Infinite is better than even 100TB to the average Joe.

------
thezilch
Not infinite storage.

"Memory: 3GB RAM / 32 GB onboard / 100 GB online" [0]

And given that I can get a 128GB MicroSD for <$60 (and dropping) and static
media (videos, photos, etc) can already be backed by cloud storage, I just
don't see the need for such technology.

[0] [https://www.kickstarter.com/projects/nextbit/robin-the-
smart...](https://www.kickstarter.com/projects/nextbit/robin-the-smarter-
smartphone)

------
x0054
This company needs to seriously get out of the SF Bobble. Guess what, a lot of
people in US, and throughout the rest of the world, are on limited, slow, and
expensive internet connections. For instance, here in the Palm Springs area
many people are lucky to get 5Mbit connections. My connection is 15 Mbit, but
capped at 15gb/month. LTE is ubiquitous here, but slow as hell. What's the
point of fast LTE connection from your cell to the tower, if the tower is
connected to the rest of the net with 40Mbit fiber line.

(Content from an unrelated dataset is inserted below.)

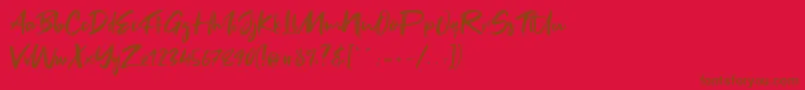 Fake Serif-Schriftart – Braune Schriften auf rotem Hintergrund
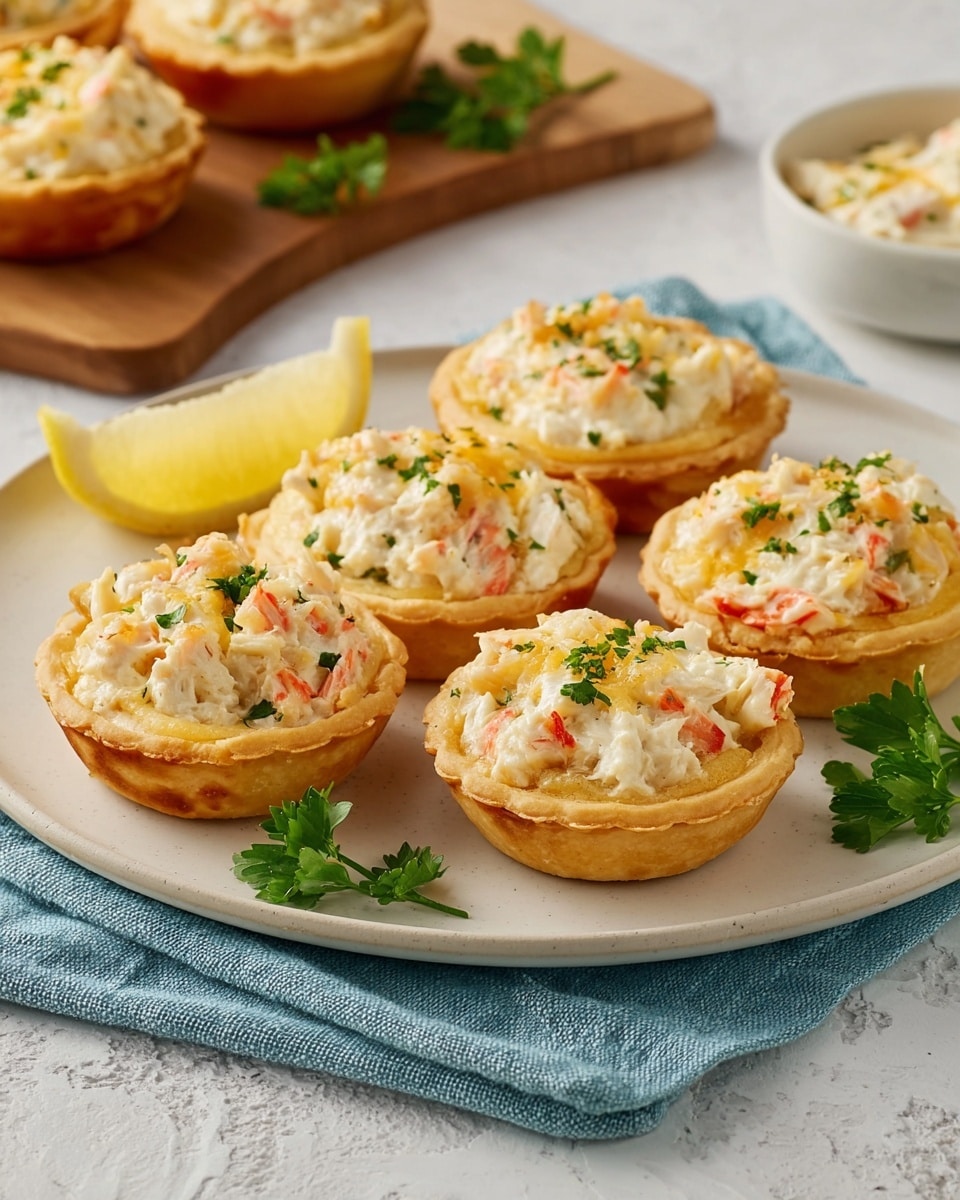 A white plate on a white marbled textured surface holds six golden-brown mini tart shells filled with a creamy white mixture that has visible pieces of pink crab meat. The filling has a melted light yellow cheese layer on top. Small green parsley leaves are sprinkled over the tarts and plate for garnish. A lemon wedge and some parsley sprigs sit on the side of the plate, which rests on a light blue cloth. In the background, there is a wooden board with more tarts and a white bowl. Photo taken with an iphone --ar 4:5 --v 7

On the other hand, FLASH storage is dirt cheep now! You can get a 128GB SD
card for $60 from Amazon. Make a phone with 3 SD Card slots, install 3 cards,
run them in RAID 5 if you are paranoid, and you can have 256 (in RAID) to 384
GB on your phone. Setup your phone to auto backup at night to a NAS (this
could also be a USP for a phone) and you are done.

I am sorry, but cloud is not the answer for everything.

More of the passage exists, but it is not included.